Dari sudut pandang keadilan, status nasional merupakan bentuk pengakuan negara bahwa keselamatan warga tidak boleh ditentukan oleh besaran APBD. Warga Aceh, Sumut, dan Sumbar menghadapi ancaman yang sama dan berhak menerima perlindungan yang setara. Prinsip sederhana ini mudah diabaikan dalam tarik-menarik kebijakan, padahal justru menjadi dasar bagi hadirnya negara dalam situasi genting.

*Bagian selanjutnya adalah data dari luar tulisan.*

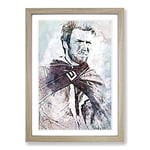 Big Box Art Clint Eastwood in Abstract Framed Wall Art Picture Print Ready to Hang, Oak A2 (62 x 45 cm)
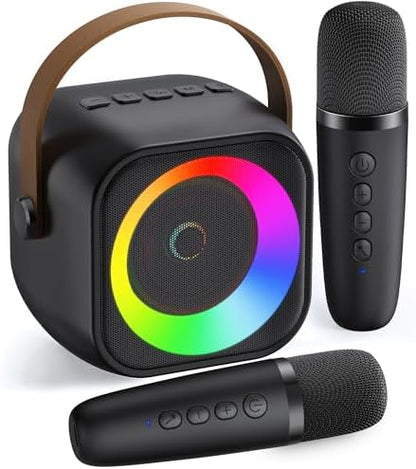 Karaoke Machine, Portable Bluetooth Karaoke Speaker with 2 Wireless Microphones and Party Lights for Kids and Adults, Birthday Gifts for Girls Boys Family Home Party (Beige2) - PuriLite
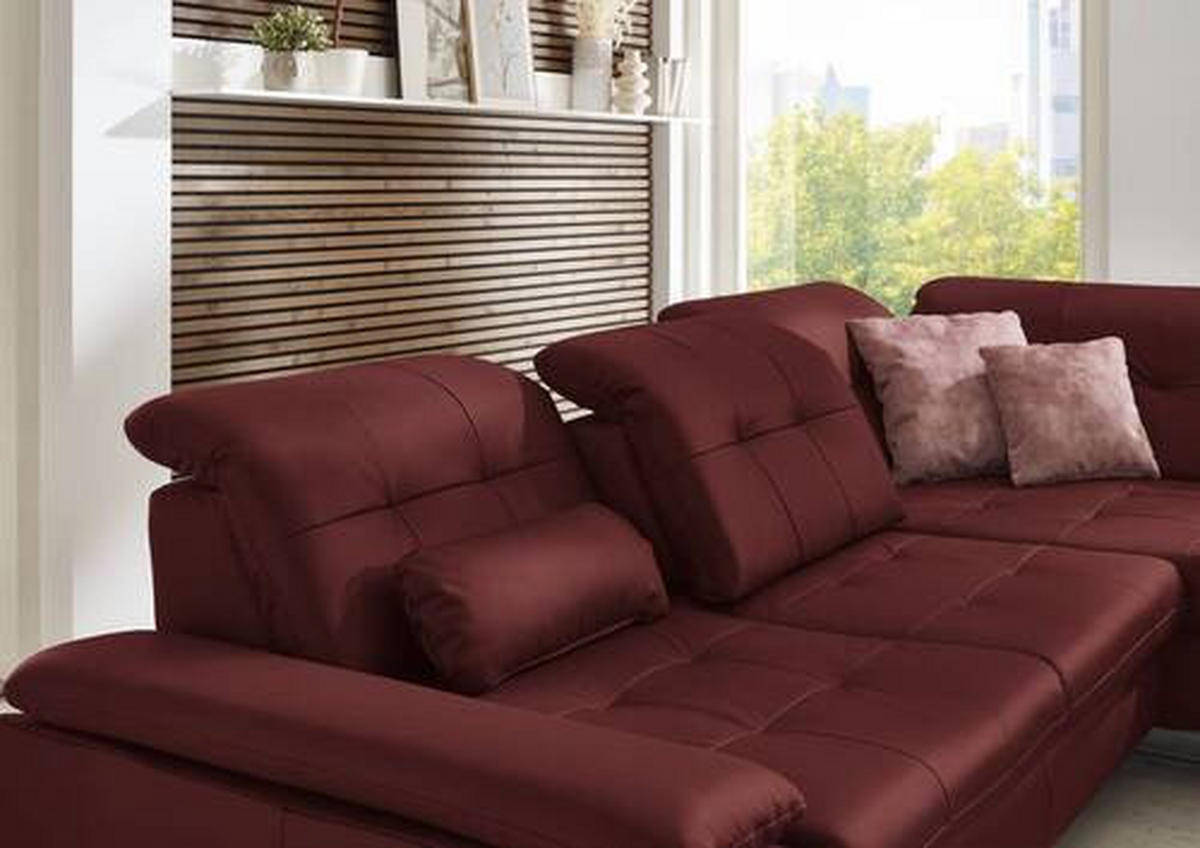 ECKSOFA in Echtleder Brombeere  - Brombeere/Alufarben, Design, Leder/Metall (309/211cm) - Beldomo Speed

Menimbang skala kerusakan dan kompleksitas dampak yang mengganggu kehidupan sosial, ekonomi, dan layanan publik, sulit mencari argumen yang meyakinkan bahwa mekanisme daerah masih memadai. Dalam kondisi seperti ini, negara perlu melangkah lebih jauh, bukan sekadar sebagai regulator, tetapi sebagai penanggung jawab utama pemulihan dan keselamatan warganya.

Karena itu, Banjir Sumatera 2025 layak ditetapkan sebagai Bencana Nasional. Namun keputusan tersebut harus dibarengi komitmen transparansi, akuntabilitas, dan pengawasan yang ketat agar seluruh proses penanganan benar-benar dirasakan oleh mereka yang paling terpukul. Status tanpa tindakan hanyalah tanda kosong; yang dibutuhkan adalah keberanian politik untuk menerjemahkannya menjadi langkah nyata di lapangan.

Pada akhirnya, setiap keputusan akan diuji oleh dampaknya pada manusia. Banjir Sumatera mengingatkan bahwa kebijakan publik tidak boleh terjebak dalam belitan prosedur semata, melainkan harus kembali pada tujuan yang paling mendasar: melindungi kehidupan.